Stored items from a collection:
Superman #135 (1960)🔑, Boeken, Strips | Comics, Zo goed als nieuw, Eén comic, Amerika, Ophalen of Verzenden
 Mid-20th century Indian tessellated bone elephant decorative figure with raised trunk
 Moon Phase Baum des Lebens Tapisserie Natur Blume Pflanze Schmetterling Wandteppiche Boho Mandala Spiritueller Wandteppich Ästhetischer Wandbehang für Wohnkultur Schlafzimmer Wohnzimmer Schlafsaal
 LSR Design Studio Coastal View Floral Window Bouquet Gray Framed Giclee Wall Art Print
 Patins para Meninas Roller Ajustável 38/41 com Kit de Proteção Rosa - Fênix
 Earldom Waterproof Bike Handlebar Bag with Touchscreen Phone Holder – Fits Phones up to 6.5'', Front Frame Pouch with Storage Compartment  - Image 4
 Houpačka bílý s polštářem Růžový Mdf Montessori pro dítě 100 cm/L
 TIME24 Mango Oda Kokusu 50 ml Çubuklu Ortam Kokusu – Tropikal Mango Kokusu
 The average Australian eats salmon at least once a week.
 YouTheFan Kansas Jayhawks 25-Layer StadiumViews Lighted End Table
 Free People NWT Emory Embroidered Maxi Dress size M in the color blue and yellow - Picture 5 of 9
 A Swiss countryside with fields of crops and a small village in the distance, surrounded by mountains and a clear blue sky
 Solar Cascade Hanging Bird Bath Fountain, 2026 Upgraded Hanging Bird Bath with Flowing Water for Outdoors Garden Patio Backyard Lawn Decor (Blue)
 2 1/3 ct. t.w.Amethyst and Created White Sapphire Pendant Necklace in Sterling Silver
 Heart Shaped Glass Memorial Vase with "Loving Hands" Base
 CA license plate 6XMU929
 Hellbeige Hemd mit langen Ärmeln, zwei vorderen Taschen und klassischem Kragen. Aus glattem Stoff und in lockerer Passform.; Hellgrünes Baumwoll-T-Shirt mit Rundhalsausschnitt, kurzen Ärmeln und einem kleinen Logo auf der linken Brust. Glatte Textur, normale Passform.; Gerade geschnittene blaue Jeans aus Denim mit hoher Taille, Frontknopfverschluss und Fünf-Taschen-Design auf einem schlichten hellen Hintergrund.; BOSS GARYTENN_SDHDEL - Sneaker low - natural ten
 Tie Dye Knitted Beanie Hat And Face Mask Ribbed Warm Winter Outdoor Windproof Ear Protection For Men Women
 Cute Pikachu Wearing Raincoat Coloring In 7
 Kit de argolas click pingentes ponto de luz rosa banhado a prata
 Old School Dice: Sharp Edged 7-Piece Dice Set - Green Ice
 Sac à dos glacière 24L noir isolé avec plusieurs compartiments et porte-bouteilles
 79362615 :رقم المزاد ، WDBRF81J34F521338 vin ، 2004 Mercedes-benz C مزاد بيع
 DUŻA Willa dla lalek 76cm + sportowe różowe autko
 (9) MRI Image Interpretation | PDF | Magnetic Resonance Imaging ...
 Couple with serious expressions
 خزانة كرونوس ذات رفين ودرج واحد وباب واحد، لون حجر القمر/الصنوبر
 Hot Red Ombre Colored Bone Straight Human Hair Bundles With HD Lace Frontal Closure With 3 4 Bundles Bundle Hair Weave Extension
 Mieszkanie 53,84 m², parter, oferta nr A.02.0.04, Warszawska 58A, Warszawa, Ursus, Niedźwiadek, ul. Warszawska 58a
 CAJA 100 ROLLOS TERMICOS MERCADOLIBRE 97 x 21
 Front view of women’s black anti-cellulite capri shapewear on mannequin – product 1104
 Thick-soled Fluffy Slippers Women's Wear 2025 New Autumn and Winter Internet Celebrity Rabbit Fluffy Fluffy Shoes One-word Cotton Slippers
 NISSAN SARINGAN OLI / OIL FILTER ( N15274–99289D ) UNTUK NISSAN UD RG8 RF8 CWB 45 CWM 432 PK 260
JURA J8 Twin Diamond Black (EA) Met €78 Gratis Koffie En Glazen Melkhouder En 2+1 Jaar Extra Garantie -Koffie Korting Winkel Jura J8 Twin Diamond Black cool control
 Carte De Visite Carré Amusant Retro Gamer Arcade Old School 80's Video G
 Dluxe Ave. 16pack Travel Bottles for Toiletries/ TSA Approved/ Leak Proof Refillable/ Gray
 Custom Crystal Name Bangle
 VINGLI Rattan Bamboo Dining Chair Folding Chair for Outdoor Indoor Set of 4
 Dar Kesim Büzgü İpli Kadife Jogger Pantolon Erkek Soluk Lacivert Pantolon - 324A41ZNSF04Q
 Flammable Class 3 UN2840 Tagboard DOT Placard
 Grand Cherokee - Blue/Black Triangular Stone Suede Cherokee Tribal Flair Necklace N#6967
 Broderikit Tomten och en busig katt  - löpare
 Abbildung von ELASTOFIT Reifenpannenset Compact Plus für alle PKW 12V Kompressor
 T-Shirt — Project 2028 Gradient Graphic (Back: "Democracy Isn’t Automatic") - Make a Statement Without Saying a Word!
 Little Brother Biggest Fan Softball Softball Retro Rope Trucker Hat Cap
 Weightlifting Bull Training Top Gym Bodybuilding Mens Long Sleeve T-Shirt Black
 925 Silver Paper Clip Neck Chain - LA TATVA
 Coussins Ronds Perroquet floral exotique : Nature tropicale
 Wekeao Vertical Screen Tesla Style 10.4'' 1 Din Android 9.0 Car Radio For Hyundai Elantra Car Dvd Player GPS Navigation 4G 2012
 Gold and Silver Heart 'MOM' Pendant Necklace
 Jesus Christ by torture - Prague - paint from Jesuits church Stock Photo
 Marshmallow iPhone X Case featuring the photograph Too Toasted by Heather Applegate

» **Your instructions**
In the records above, retype exactly the lines from the one with "Weightlifting Bull Training" through the last one.

» **Task response**
 Weightlifting Bull Training Top Gym Bodybuilding Mens Long Sleeve T-Shirt Black
 925 Silver Paper Clip Neck Chain - LA TATVA
 Coussins Ronds Perroquet floral exotique : Nature tropicale
 Wekeao Vertical Screen Tesla Style 10.4'' 1 Din Android 9.0 Car Radio For Hyundai Elantra Car Dvd Player GPS Navigation 4G 2012
 Gold and Silver Heart 'MOM' Pendant Necklace
 Jesus Christ by torture - Prague - paint from Jesuits church Stock Photo
 Marshmallow iPhone X Case featuring the photograph Too Toasted by Heather Applegate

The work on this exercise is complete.